Grande Paulo Patriota, o teu comentário nunca seria chinfrim. A sua presença fiel neste meu novo projeto é um honra! Quanto ao meu conhecimento sobre música: infelizmente(ou felizmente, nunca se sabe!)a minha paixão é muito maior que o meu conhecimento!
De qualquer forma, um grande abraço!

4:45 PM  
Blogger Francisco Sobreira said...

Paulinho: Nunca consegui gostar de rock. Gosto mesmo é da MPB, principalmente da antiga. Tem algumas músicas que aprecio, como a de Rita Lee, mas o gênero nunca me "pegou". De todo modo, li o seu texto, como sempre bem escrito. Um abraço.

6:24 PM  
Blogger Evandro C. Guimarães said...

Esclarecendo um ponto, Francisco, o texto é de minha autoria. De qualquer forma, agradeço a sua presença e o convido a retornar futuramente. Também falarei de MPB.
Quanto ao fato de não gostar porque o ritmo não te pegou, entendo bem o que você está dizendo. Comigo acontece o mesmo com o samba. Por mais que tentem impor este gênero como símbolo do Brasil, não consigo gostar.
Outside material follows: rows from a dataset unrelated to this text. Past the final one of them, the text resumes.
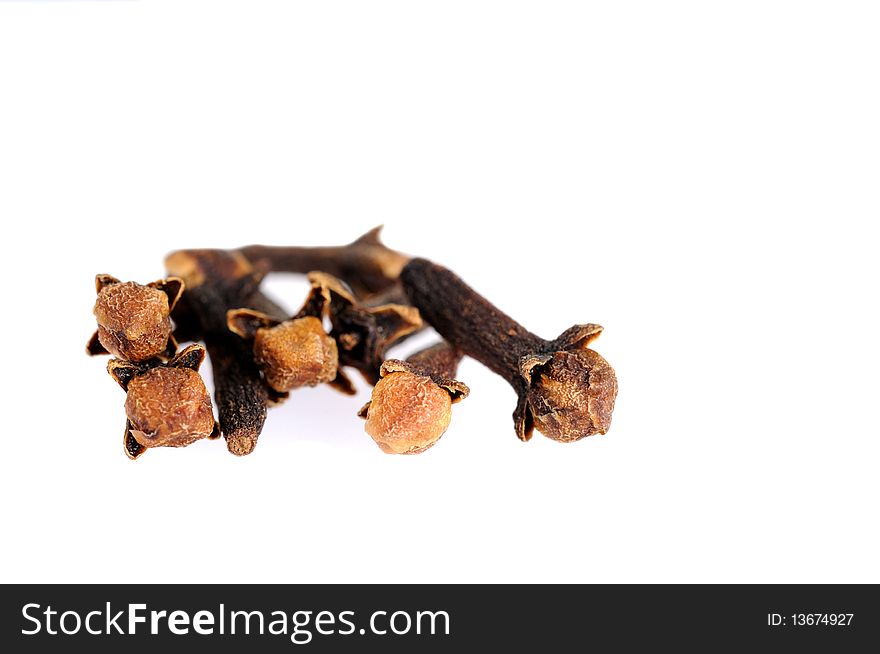 Heap of dry aroma cloves on white background. Shallow depth of field.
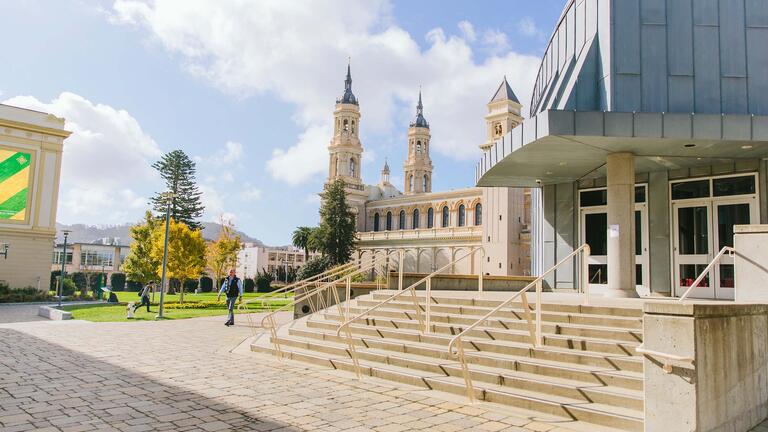 Stairs outside the library with the church in the background.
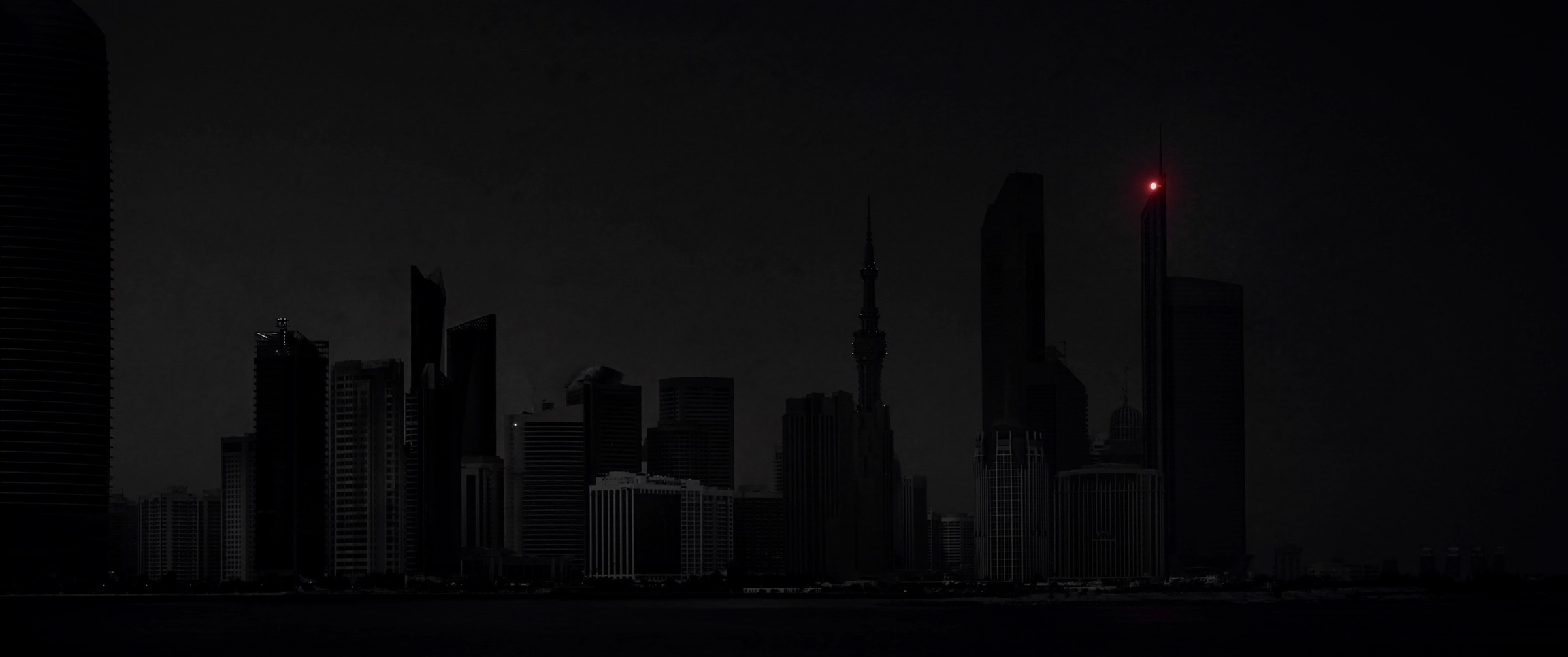 modernist skyline at night with a single red beacon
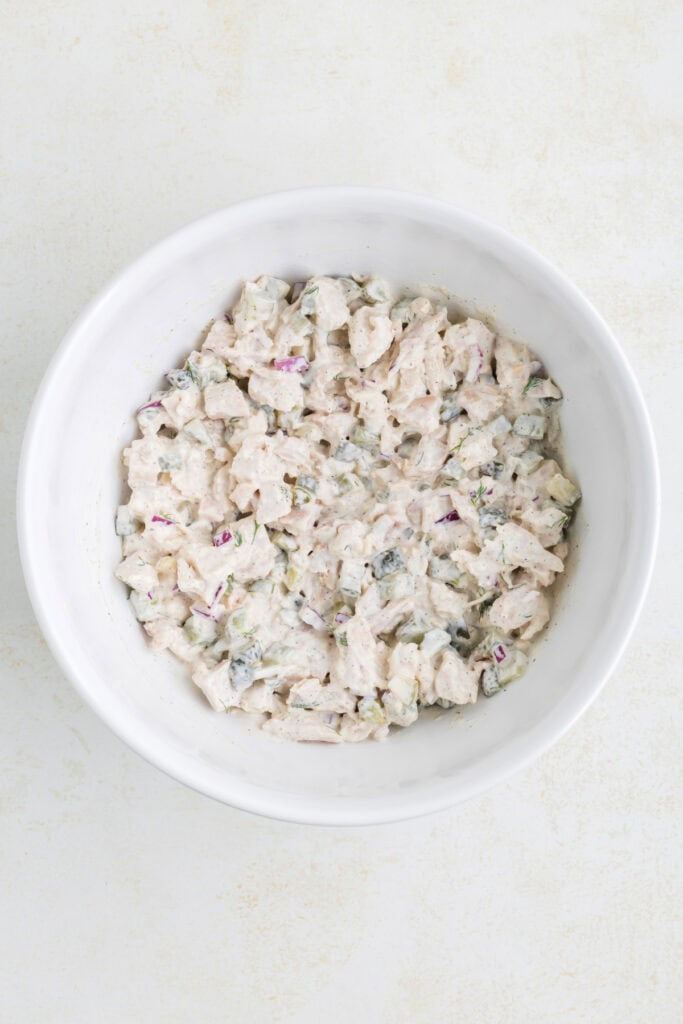 Fully mixed dill pickle chicken salad in a white bowl.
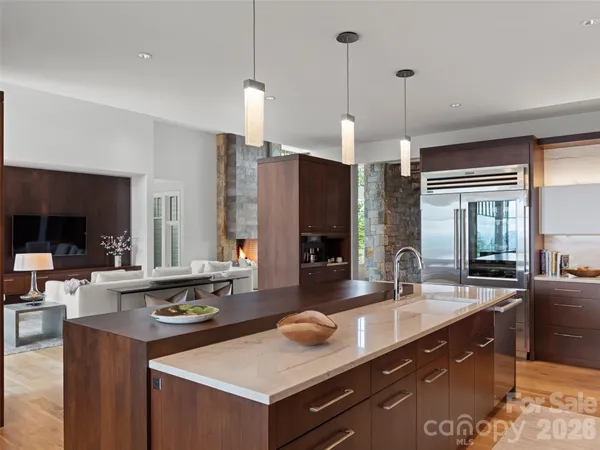 a kitchen with sink and refrigerator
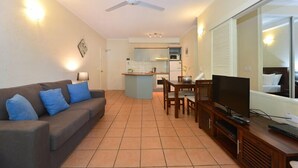 A living room with a sofa, TV, and a dining area with a table and chairs.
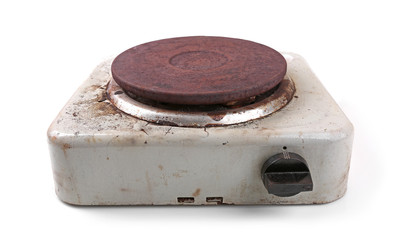 old dirty electric stove isolated on white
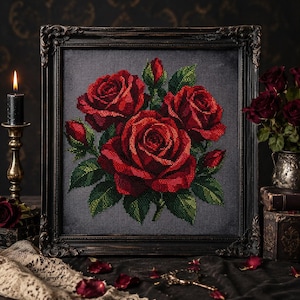 May include: A square cross-stitch embroidery featuring three vibrant red roses and green leaves on a dark gray fabric background, encased in an ornate, dark, weathered wooden frame with intricate carved detailing along the edges.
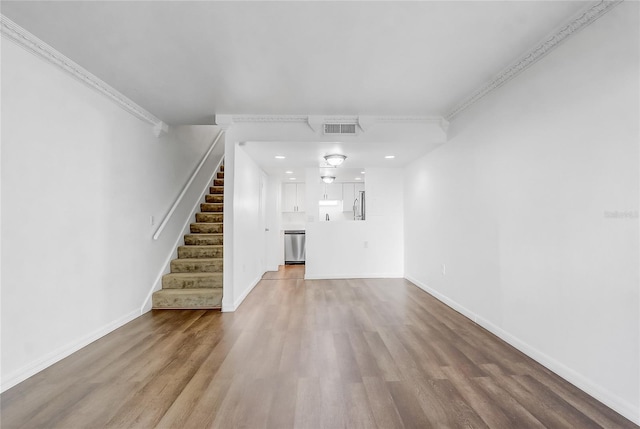 4215 S Semoran Blvd Unit 3, Orlando, FL 32822 - unfurnished living room with wood finished floors, stairs, ornamental molding, and recessed lighting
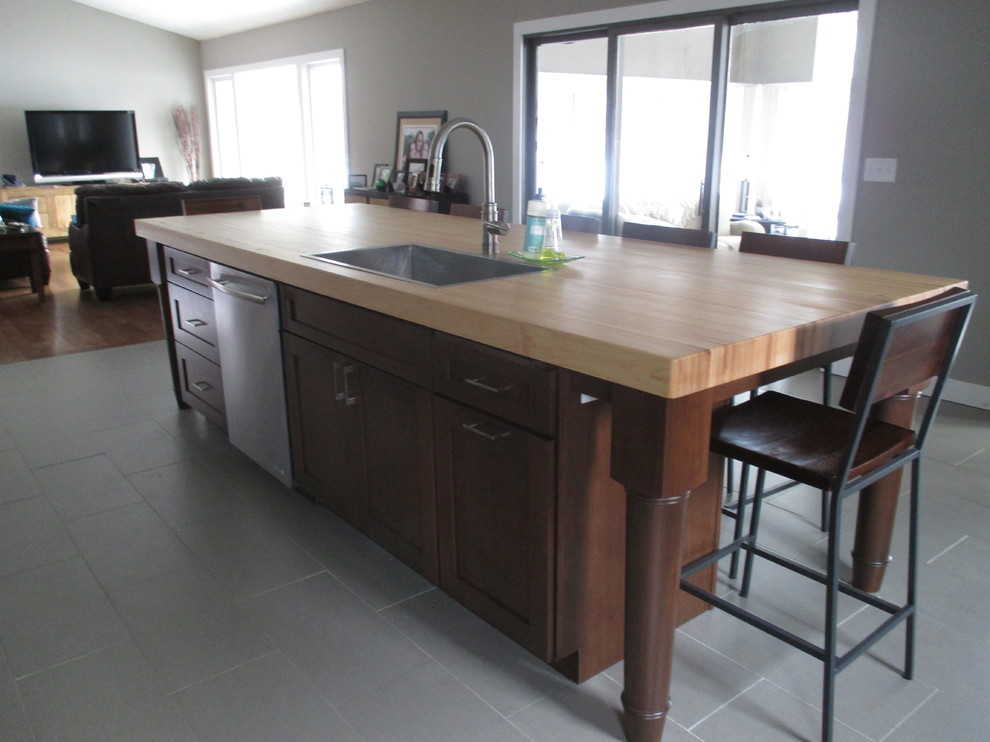 Transitional galley eat-in kitchen photo with shaker cabinets, dark wood cabinets and an island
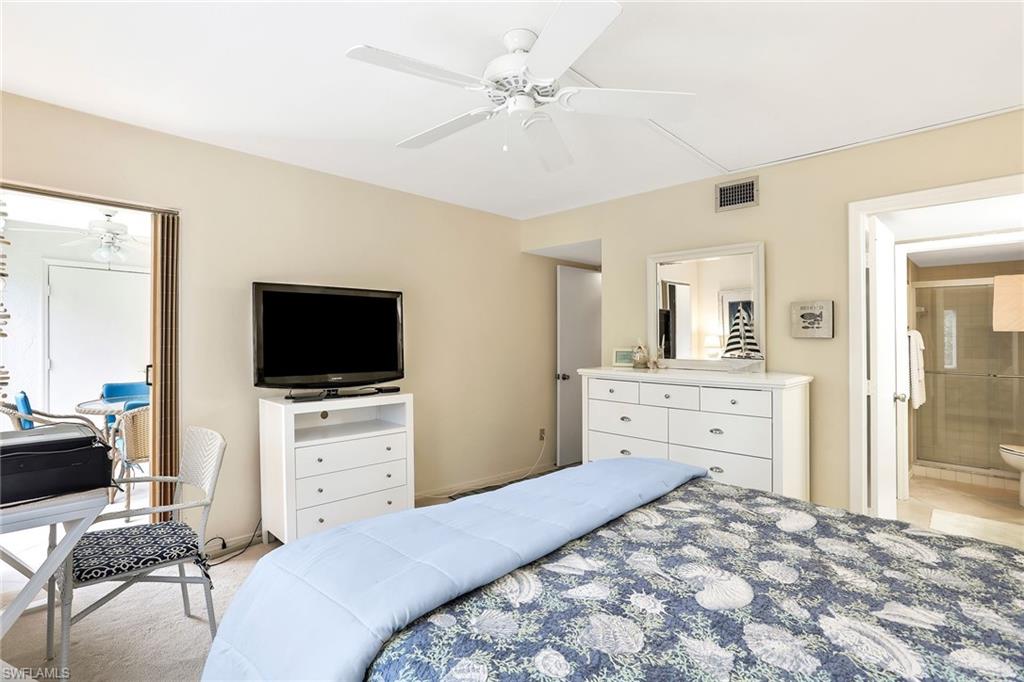 1001 Foxfire Lane, Unit 204 Naples, FL 34104 - Photo 11 of 22 a bedroom with a bed and a flat screen tv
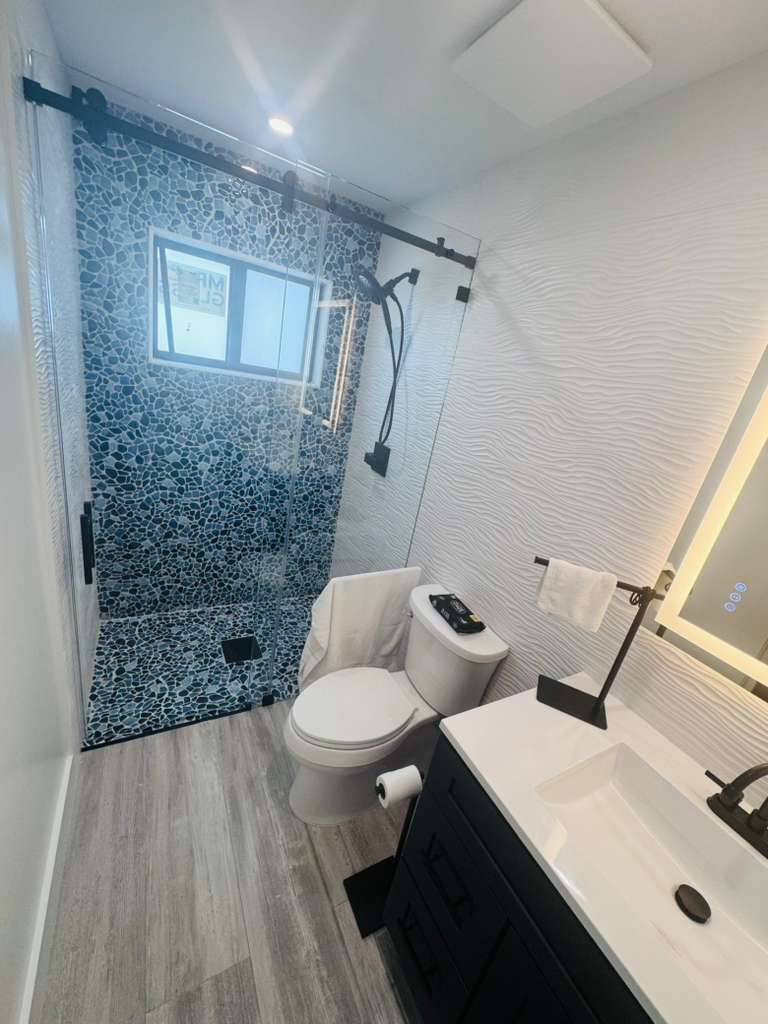 Pebble shower bathroom - after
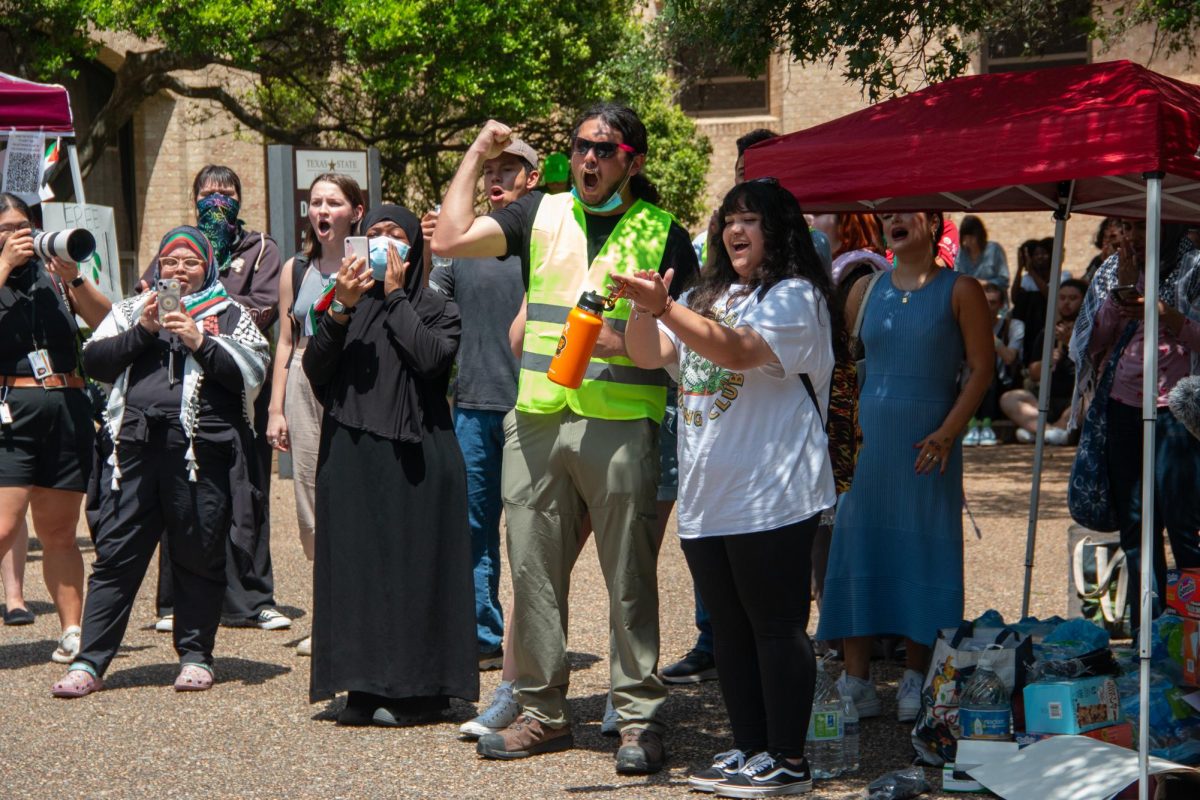 A group of volunteers and supporters of the sit-in for Palestine cheer on at The Quad on Monday, April 29, 2024.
Nem adianta tentar.
E creio que há outros gêneros, também muito brasileiros, como o chorinho e o baião que são milhares de vezes melhores que o samba!

8:55 PM  
Blogger Paulo Assumpção said...

E eu pensando que o sentido do rock era “desafiar o homem”. Hehe! Cara, você deu uma aula neste post. Que tal mudar o nome do blog para “Escola de Rock”? Mal posso esperar pela continuação do post. Só torço para que tal espera não seja tão longa quanto uma “sinfonia” de rock progressivo. Grande abraço!

8:53 PM  
Anonymous Anônimo said...

É incrível como quem tem paixão por algo escreve muito bem sobre ele. O seu texto mostra o quanto apaixonado pelo rock você é. Continue brilhante sempre!
Beijos da sua maior fã

9:08 PM  
Blogger Evandro C. Guimarães said...

Fico feliz que tenha considerado o texto esclarecedor, sócio. Mesmo com minhas muitas limitações, o objetivo é esse!
Para Simone:
Um texto sobre você,meu amor, seria ,então, o melhor de todos, pois você é a minha grande paixão!
Agradeço muito a sua presença aqui, minha linda, pois sei o quanto você abomina esta coisa de blogs e comentários. Um beijão!

3:23 PM  
Blogger Paulo Assumpção said...

O amor é lindo! :-D

1:01 PM  
Anonymous Anônimo said...

Ótimo texto Evandro! Cada vez que visito o Restinga Musical, aprendo mais! Obrigado pelas dicas! Um abraço e continue nos maravilhando com seus textos!

9:15 PM  
Blogger Evandro C. Guimarães said...

Obrigado pelos elogios, Ana. Pode continuar a visitar o Restinga. Sua presença é sempre bem-vinda!